ISCA Archive - The Role of Voice Quality in the Perception of Prominence in Synthetic Speech
ISCA Archive Interspeech 2019
ISCA Archive Interspeech 2019

The Role of Voice Quality in the Perception of Prominence in Synthetic Speech

Andy Murphy, Irena Yanushevskaya, Ailbhe Ní Chasaide, Christer Gobl

This paper explores how prominence can be modelled in speech synthesis through voice quality variation. Synthetic utterances varying in voice quality (breathy, modal, tense) were generated using a glottal source model where the global waveshape parameter Rd was the main control parameter and f0 was not varied. A manipulation task perception experiment was conducted to establish perceptually salient Rd values in the signalling of focus.
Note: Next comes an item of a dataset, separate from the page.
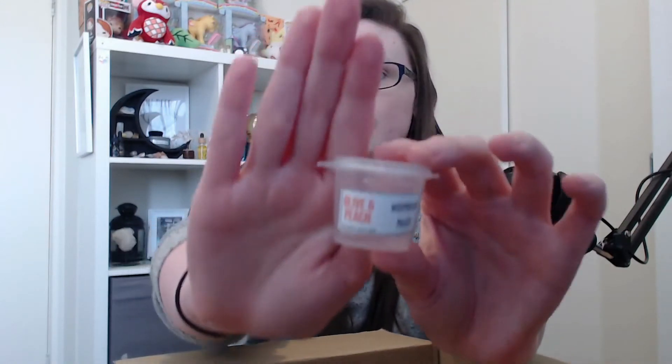Moving on to the next company, I have Olive and Peach. First and foremost we have Watermelon Mojito, another one I used in my red wax melt week. This one had a kind of weird scent at first, but while it was actually burning you could definitely smell the mintiness and the watermelon hint that the scent implies. It was all right — I didn't mind it.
The participants were presented with mini-dialogues designed to elicit narrow focus (with different focal syllable locations) and were asked to manipulate an unknown parameter in the synthetic utterances to produce a natural response. The results showed that participants manipulated Rd not only in focal syllables, but also in the pre- and postfocal material. The direction of Rd manipulation in the focal syllables was the same across the three voice qualities — towards decreased Rd values (tenser phonation). The magnitude of the decrease in Rd was significantly less for tense voice compared to breathy and modal voice, but did not vary with the location of the focal syllable in the utterance. Overall, the results suggest that Rd is effective as a control parameter for modelling prominence in synthetic speech.